史上初の女性の中学生名人をはじめ数々のアマチュアタイトル獲得、女流棋戦の活躍によるプロ入り、英春流という独特な戦型。個性あふれる女流棋士たちの中でもひときわ目立つ存在が野原未蘭女流初段だ。華やかさの中に熱い思いがほとばしる、女流棋士たちの本音を聞いていく。

女性初の中学生名人

●2020年7月、アマチュア時代に出場した第28期大山名人杯倉敷藤花戦で、女流棋戦ベスト8進出の規定によって女流棋士資格を得ました。高校2年生でのプロ入りは野原さんの実力からすると遅いと感じていた人もいたと思いますが、ご自身ではどう考えていましたか。

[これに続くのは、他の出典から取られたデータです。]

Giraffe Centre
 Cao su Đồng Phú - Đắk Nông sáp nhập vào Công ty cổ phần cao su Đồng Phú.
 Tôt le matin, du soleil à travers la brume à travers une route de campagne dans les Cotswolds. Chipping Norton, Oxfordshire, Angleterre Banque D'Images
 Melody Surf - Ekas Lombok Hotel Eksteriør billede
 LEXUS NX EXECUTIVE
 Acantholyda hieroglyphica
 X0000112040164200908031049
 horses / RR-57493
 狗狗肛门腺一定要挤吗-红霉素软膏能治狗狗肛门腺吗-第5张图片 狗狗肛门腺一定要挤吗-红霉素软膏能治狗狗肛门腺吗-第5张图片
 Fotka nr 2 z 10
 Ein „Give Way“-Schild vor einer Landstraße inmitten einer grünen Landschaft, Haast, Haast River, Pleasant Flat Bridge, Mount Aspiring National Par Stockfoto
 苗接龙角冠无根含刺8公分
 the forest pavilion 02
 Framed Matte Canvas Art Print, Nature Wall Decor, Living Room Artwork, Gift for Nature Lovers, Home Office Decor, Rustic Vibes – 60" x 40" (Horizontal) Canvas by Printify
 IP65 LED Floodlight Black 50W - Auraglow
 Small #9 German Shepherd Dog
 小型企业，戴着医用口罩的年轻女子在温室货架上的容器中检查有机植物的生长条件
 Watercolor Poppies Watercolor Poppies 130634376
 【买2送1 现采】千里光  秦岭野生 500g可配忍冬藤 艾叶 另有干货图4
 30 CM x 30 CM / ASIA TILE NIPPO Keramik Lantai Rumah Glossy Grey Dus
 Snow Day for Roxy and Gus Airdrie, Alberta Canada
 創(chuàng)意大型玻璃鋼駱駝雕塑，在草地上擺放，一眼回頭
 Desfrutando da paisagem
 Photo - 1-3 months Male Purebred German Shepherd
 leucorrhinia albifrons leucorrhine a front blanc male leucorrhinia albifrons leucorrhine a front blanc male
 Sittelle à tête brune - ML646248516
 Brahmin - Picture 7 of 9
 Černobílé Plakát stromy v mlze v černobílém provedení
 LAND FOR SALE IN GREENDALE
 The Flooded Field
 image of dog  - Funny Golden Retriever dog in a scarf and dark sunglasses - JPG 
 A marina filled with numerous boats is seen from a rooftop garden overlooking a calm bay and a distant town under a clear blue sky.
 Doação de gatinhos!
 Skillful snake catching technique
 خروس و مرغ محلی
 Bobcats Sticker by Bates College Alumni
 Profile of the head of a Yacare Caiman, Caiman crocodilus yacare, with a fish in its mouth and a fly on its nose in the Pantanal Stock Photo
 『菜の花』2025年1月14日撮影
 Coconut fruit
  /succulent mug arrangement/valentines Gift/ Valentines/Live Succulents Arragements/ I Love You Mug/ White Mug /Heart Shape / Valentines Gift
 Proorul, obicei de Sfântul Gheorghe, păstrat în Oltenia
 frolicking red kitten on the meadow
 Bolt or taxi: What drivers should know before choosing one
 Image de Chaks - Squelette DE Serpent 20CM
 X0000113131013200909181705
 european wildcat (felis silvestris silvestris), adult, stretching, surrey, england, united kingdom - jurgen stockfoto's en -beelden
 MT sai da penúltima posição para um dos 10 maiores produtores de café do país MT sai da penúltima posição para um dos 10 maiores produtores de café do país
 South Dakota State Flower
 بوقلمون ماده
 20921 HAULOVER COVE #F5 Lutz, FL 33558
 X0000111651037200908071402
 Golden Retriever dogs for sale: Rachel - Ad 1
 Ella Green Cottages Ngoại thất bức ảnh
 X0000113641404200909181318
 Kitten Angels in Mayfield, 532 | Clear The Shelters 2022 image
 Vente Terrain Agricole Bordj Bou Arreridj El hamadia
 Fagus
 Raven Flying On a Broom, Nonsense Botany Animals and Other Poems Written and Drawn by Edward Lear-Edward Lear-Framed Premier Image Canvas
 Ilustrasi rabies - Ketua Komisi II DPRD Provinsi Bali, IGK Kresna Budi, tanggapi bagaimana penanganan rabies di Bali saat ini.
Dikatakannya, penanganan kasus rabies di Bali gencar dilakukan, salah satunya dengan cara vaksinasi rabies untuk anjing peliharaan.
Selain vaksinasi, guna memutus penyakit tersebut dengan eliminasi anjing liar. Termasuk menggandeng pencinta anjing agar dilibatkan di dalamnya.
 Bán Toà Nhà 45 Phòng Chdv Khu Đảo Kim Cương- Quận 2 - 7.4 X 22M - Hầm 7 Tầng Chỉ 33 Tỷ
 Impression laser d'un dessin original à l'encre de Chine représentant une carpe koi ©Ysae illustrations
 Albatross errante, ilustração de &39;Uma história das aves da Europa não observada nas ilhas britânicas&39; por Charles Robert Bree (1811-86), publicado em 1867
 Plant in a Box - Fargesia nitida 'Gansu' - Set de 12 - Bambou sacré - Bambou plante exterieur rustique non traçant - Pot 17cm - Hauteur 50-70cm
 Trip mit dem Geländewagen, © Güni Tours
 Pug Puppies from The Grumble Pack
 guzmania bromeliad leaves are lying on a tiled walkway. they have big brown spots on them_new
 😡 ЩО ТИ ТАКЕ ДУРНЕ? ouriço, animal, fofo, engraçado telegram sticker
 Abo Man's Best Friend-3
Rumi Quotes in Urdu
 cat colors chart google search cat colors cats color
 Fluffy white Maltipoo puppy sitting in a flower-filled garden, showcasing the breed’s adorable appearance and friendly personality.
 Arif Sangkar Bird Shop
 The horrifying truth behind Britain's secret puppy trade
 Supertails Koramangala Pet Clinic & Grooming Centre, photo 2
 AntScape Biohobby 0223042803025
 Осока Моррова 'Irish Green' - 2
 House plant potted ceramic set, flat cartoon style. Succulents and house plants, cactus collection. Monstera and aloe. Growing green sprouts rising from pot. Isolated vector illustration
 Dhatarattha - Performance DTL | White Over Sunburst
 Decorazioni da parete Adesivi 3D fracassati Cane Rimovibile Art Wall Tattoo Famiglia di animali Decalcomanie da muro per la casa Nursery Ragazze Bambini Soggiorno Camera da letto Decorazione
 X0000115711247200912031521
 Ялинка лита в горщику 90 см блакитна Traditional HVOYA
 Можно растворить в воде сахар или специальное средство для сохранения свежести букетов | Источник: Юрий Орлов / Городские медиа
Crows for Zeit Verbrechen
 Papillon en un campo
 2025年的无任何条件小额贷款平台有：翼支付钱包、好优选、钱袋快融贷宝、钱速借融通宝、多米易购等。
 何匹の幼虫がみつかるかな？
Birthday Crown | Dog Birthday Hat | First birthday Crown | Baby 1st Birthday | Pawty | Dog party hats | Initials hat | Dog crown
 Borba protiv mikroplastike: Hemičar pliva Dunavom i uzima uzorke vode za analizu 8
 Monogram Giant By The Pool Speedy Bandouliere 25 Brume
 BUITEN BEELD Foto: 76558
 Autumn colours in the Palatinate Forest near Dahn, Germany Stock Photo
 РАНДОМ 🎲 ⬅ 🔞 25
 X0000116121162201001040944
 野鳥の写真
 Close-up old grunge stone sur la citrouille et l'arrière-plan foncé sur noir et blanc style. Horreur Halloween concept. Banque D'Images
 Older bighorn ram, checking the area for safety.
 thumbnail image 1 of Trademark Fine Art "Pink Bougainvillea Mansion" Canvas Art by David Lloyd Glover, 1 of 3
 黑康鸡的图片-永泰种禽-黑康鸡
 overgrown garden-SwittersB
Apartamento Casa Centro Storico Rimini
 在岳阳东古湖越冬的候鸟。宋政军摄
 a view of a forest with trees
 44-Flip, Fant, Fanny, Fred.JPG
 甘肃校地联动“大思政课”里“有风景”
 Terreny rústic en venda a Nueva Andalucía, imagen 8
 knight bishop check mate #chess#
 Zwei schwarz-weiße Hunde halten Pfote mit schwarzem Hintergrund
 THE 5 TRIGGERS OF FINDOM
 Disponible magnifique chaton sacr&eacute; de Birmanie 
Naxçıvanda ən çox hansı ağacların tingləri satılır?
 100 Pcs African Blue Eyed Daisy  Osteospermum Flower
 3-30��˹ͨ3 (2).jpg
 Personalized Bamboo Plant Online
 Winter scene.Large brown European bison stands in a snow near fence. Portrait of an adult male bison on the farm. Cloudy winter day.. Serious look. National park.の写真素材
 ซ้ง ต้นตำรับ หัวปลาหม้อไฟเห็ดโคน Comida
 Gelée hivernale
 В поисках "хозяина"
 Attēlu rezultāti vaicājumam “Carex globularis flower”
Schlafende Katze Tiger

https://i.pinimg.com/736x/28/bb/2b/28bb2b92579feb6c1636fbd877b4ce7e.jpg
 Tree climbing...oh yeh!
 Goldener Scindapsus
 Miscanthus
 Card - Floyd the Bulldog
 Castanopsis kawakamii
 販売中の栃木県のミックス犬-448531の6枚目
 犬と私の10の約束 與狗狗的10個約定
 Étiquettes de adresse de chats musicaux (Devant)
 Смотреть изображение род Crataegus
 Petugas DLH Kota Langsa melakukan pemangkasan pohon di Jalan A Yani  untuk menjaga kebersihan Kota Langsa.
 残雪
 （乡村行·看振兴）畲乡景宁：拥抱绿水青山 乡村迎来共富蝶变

「高校2年生で女流棋士になるというのは、個人的にはそんなに遅くはないと感じていました。最近は中学生で女流棋士になる子も多いんですけれども、高校2年生の私がデビューしたときは最年少でしたから。そもそも大学に入ってから女流棋士を目指そうと思っていたのですが、このタイミングになりました」

●野原さんはアマチュア時代の活躍が話題になりましたね。女性初の中学生名人戦優勝を筆頭に、史上初となる女流アマ名人戦で3連覇を達成されています。出場する大会では優勝を総なめにしてきましたね。

「中学生名人を取ったときは女性では史上初ということで取り上げていただいて自信になりました。ただ、重圧にもなって。女流の大会では負けられないというか、優勝候補として注目されてきました。それがプレッシャーに感じていたんですけど、そういった中で結果を出せたのはよかったと思います」


2018年、第43回中学生名人戦で優勝(左から2番目)。同大会で女子の優勝は史上初(提供:日本将棋連盟)


2018年、第39回全国中学生選抜女子の部でも優勝した(提供:日本将棋連盟)


●アマチュア時代から独自の力強い指し回しが有名でしたね。奨励会経験のある鈴木英春さんに師事していたことが影響していますか。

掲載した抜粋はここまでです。